- _What is being asked_:
Each record should be copied exactly into the answer, and no picture should go with it.
*** Information Section Begins ***
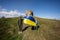 Welcome to Ukraine. Two brothers hold ukrainian flag near big stone in hill Pidkamin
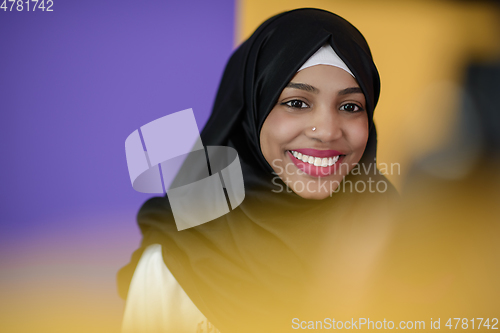 Image of muslim woman with a beautiful smile wearing a hijab poses in the studio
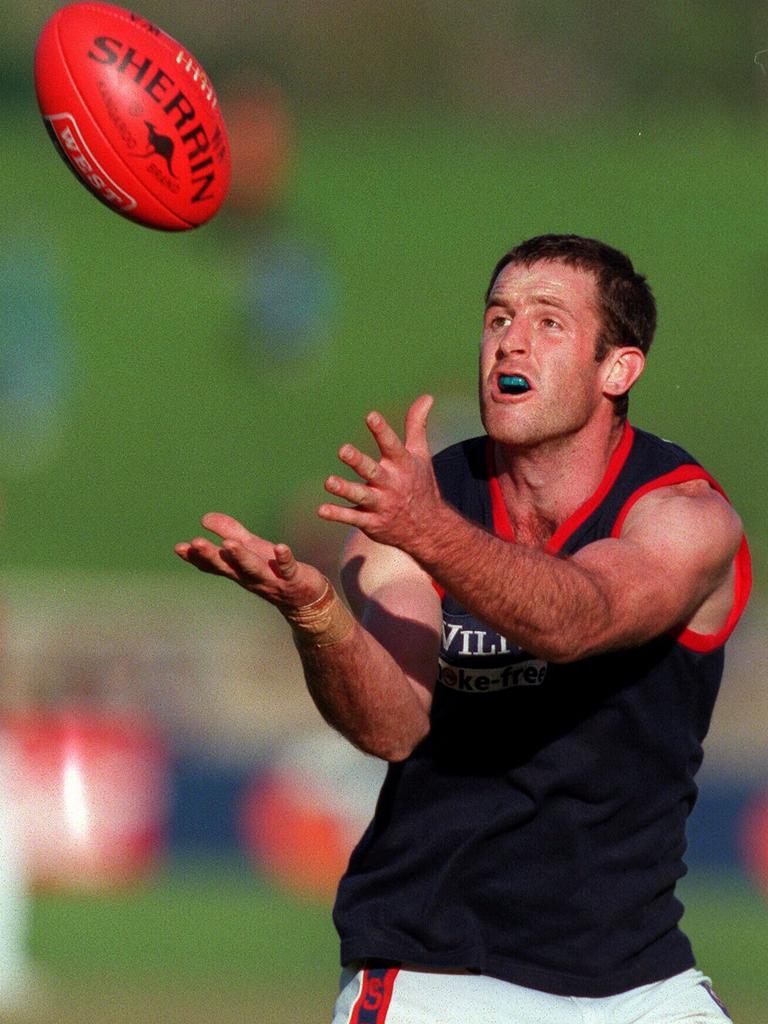 Lachy Bowman takes a mark while playing for Norwood.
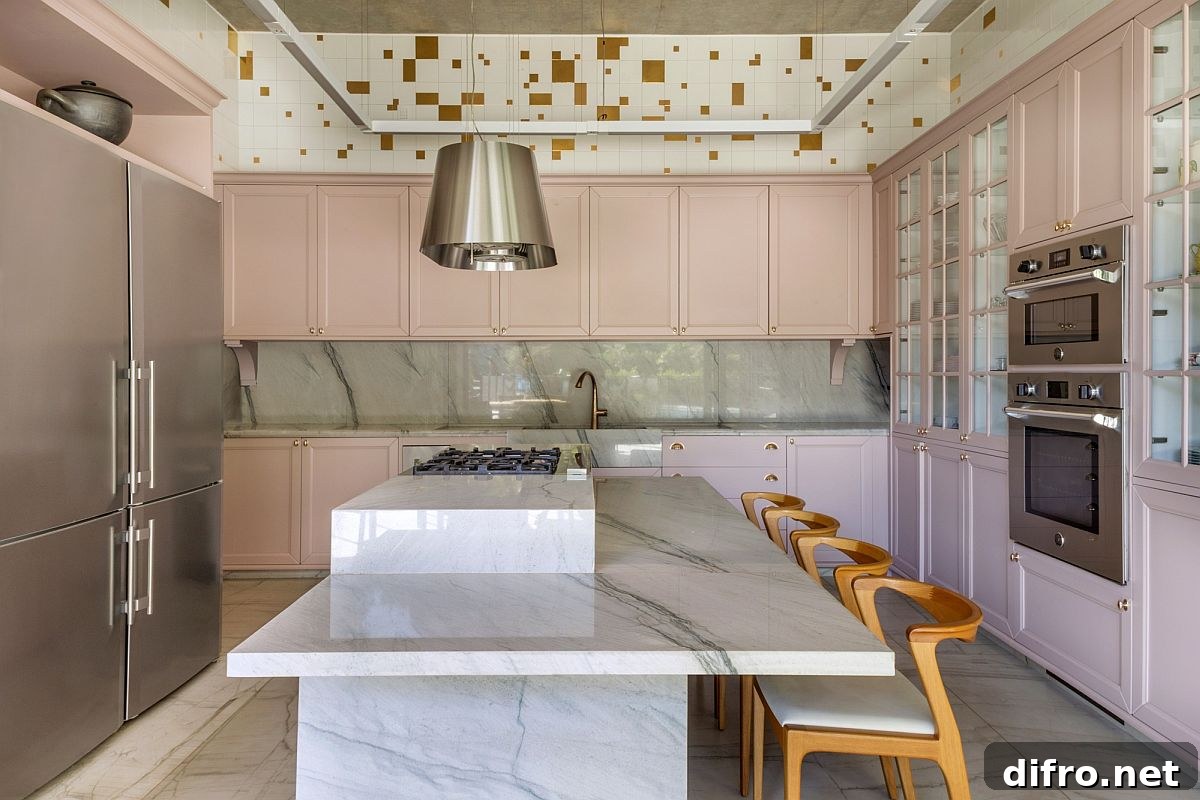 Pastel pink cabinets and light green add color to the modern kitchen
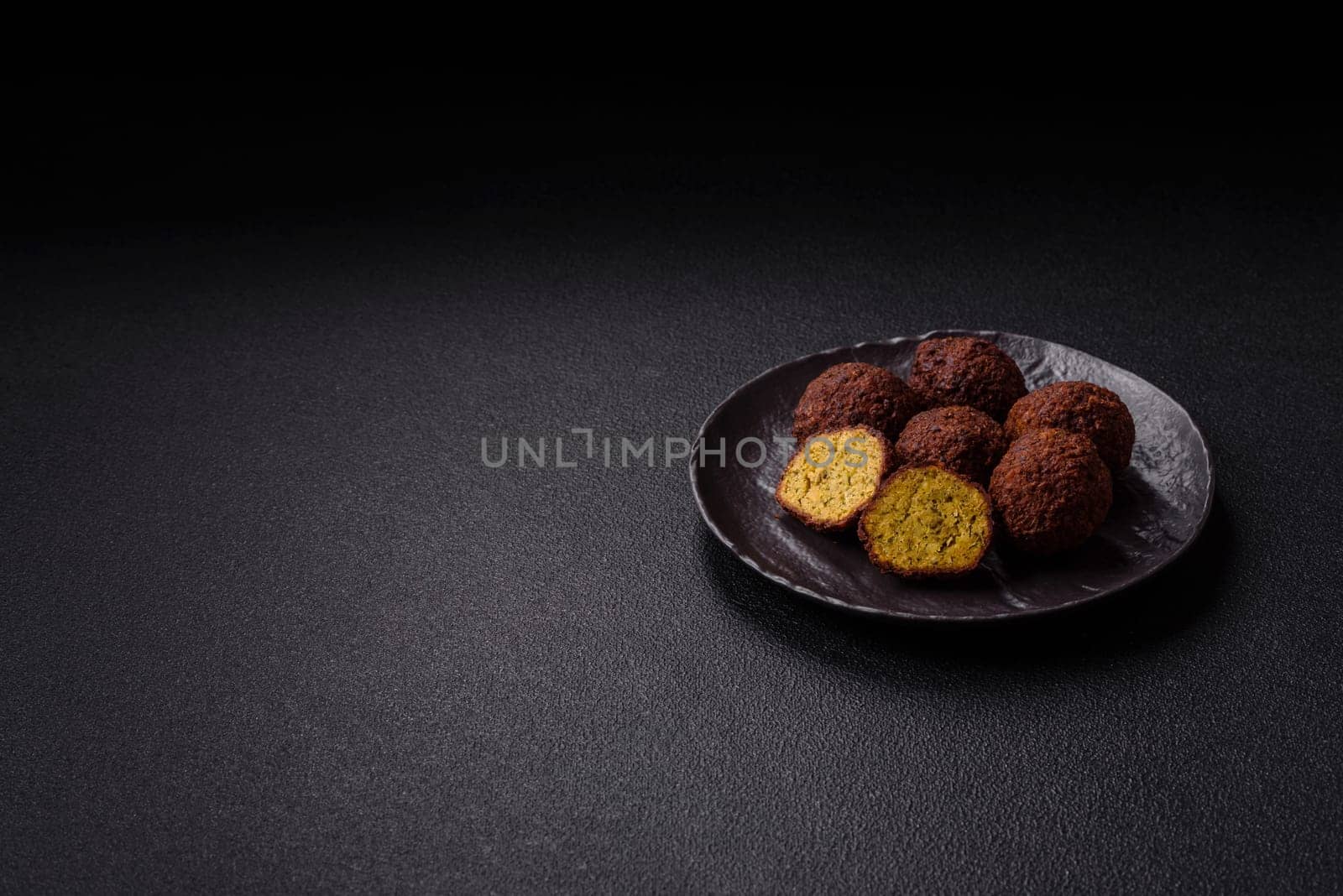 Fried chickpea falafel balls with salt, spices and herbs. Vegetarian and vegan dish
*** Information Section Ends ***
- _Exercise result_:
 Welcome to Ukraine. Two brothers hold ukrainian flag near big stone in hill Pidkamin
 Image of muslim woman with a beautiful smile wearing a hijab poses in the studio
 Lachy Bowman takes a mark while playing for Norwood.
 Pastel pink cabinets and light green add color to the modern kitchen
 Fried chickpea falafel balls with salt, spices and herbs. Vegetarian and vegan dish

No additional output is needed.